Short web captions

---+---

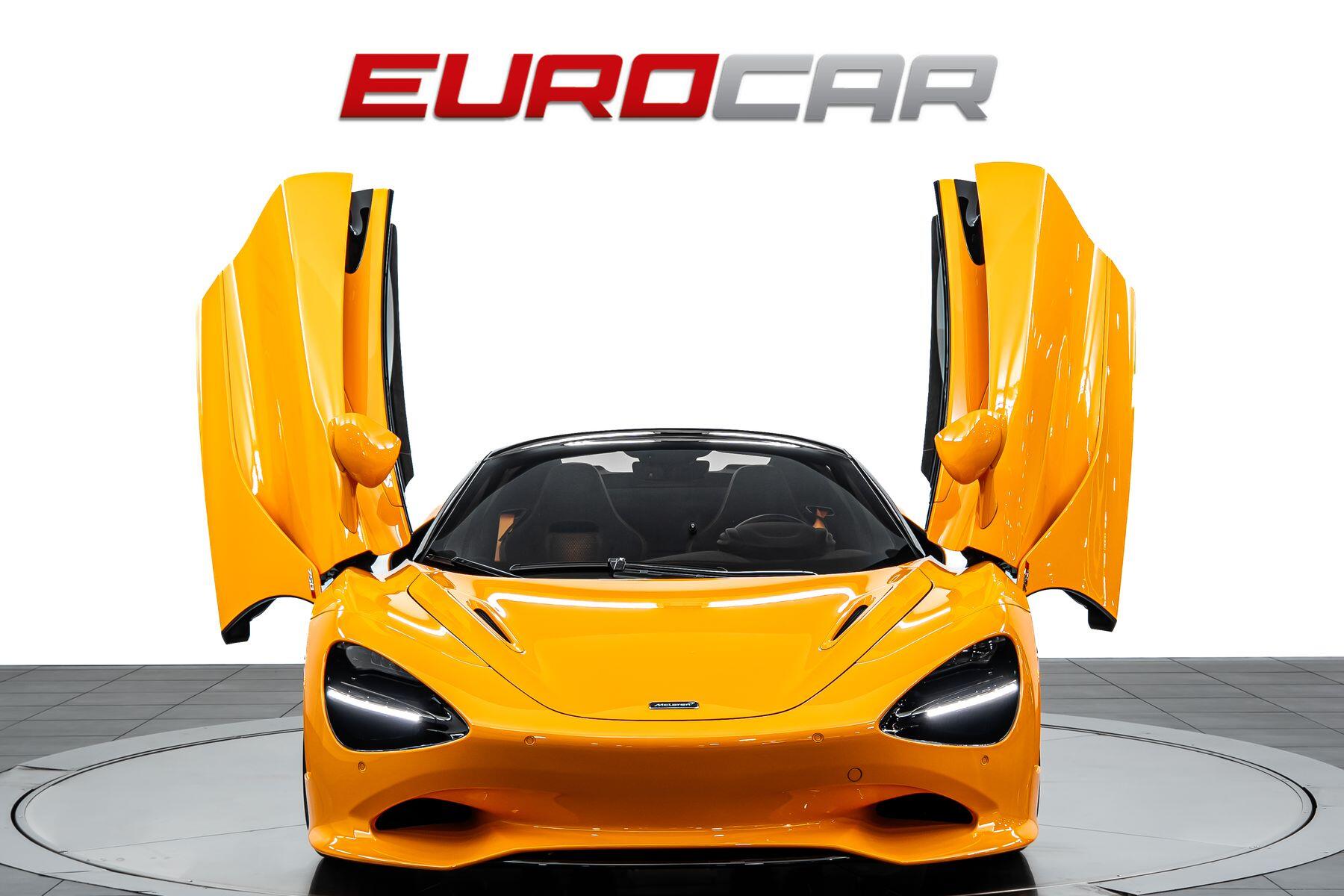2026 McLaren 750S Spider *PERFORMANCE INTERIOR * FRONT PPF*Image 11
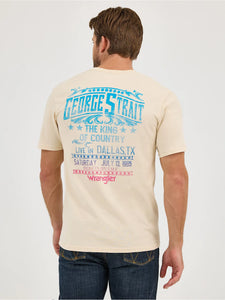 Load image into Gallery viewer, George Strait Concert Tee by Wrangler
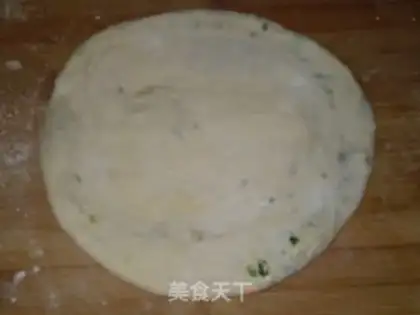 Make Salt and pepper sesame onion pancake step 8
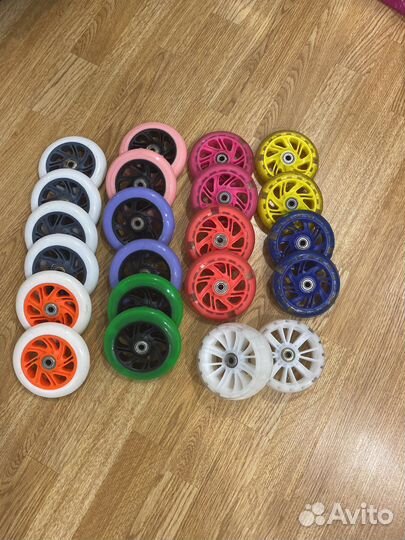 Колеса для детского самоката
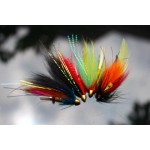 Tigofly 12 Pcs Assorted Tube Fly Set Salmon Fly Trout Fly Fishing Flies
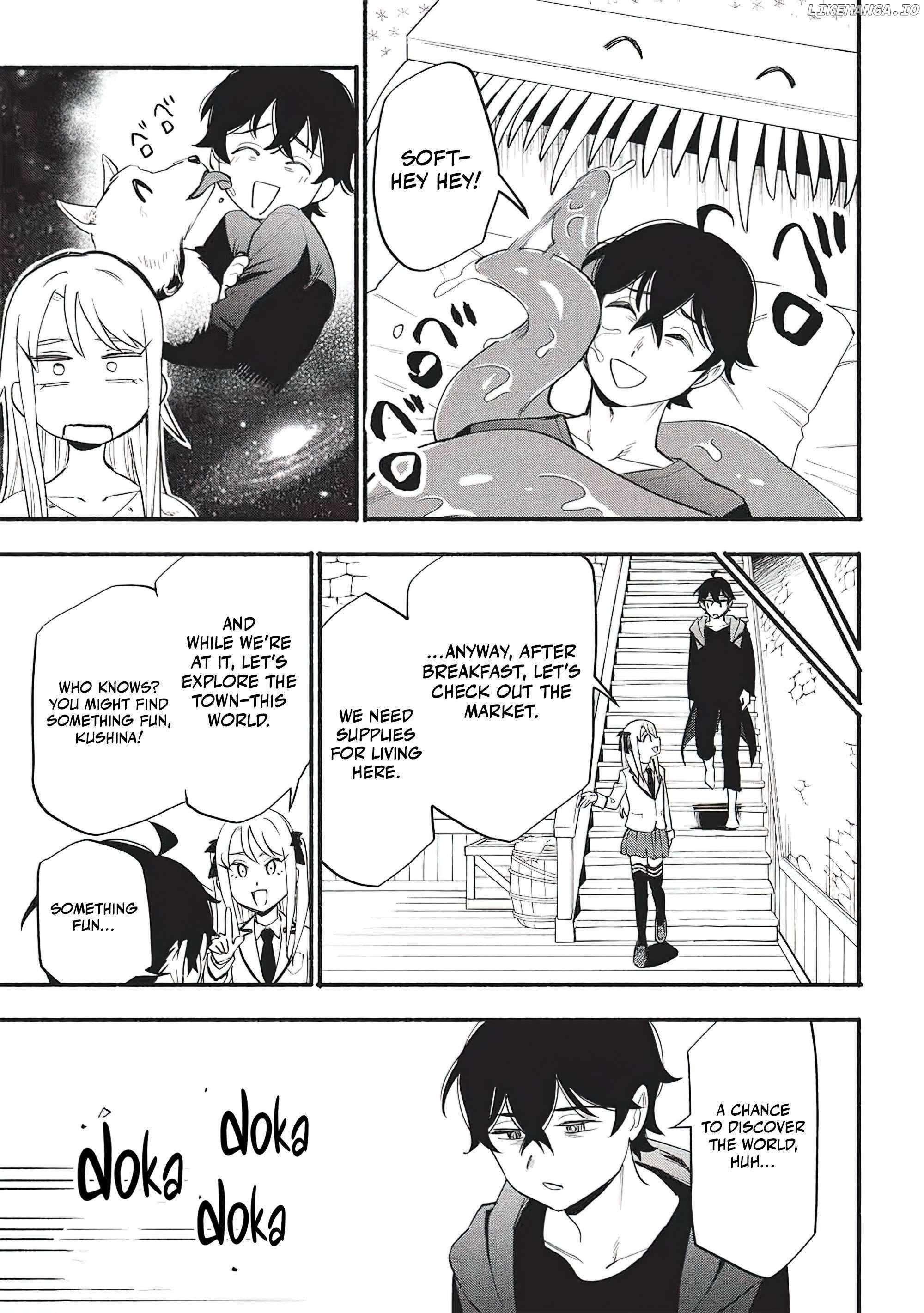 The Three Skills I Received, When Combined, Were The Most Powerful Chapter 10 - Page 23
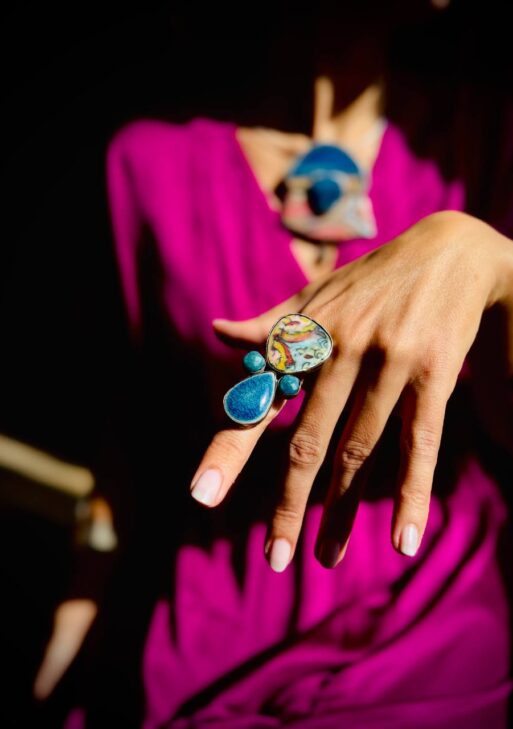 Cornelian Cherry Collection Ring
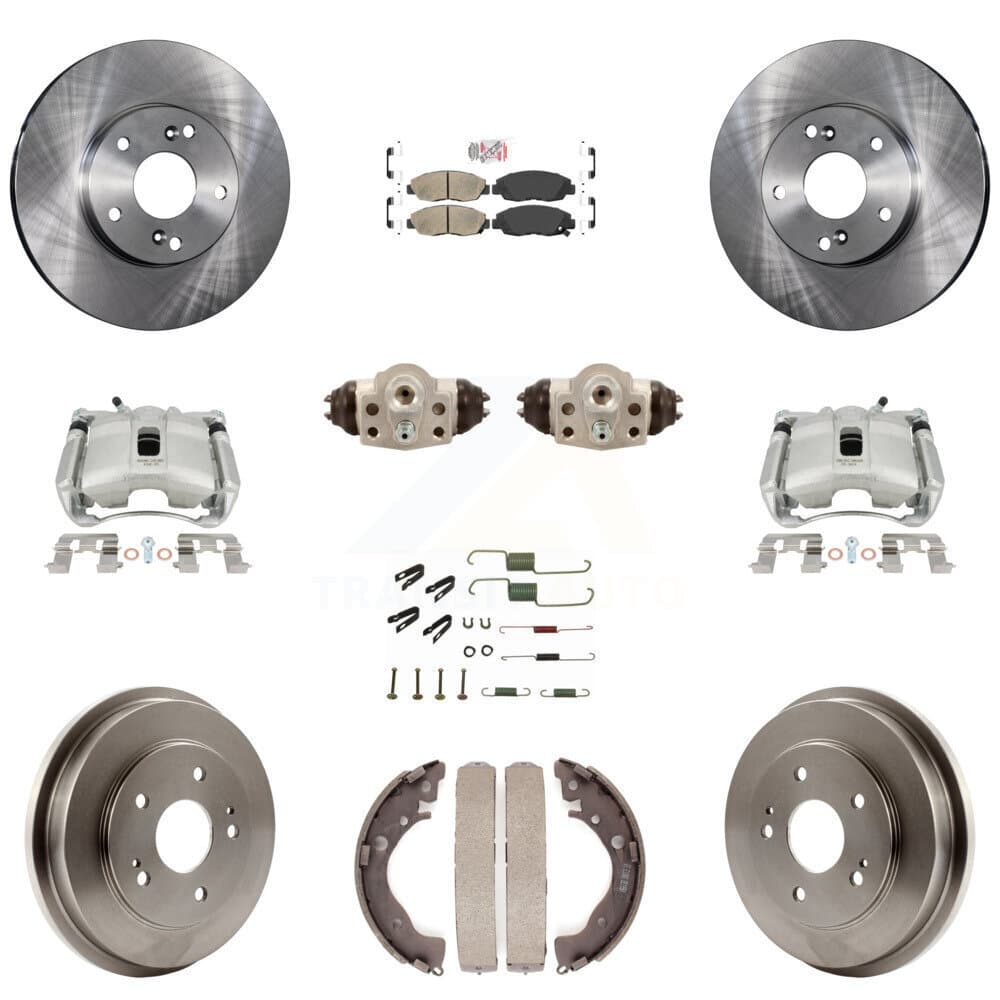 Transit Auto - KC8-101707N - Front and Rear Disc Brake Kits image 1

---+---

Final task for the records above: print exactly the lines from the one that contains "Cornelian Cherry Collection Ring" through the last line, both ends included, pictures excluded.

 Cornelian Cherry Collection Ring
 Transit Auto - KC8-101707N - Front and Rear Disc Brake Kits image 1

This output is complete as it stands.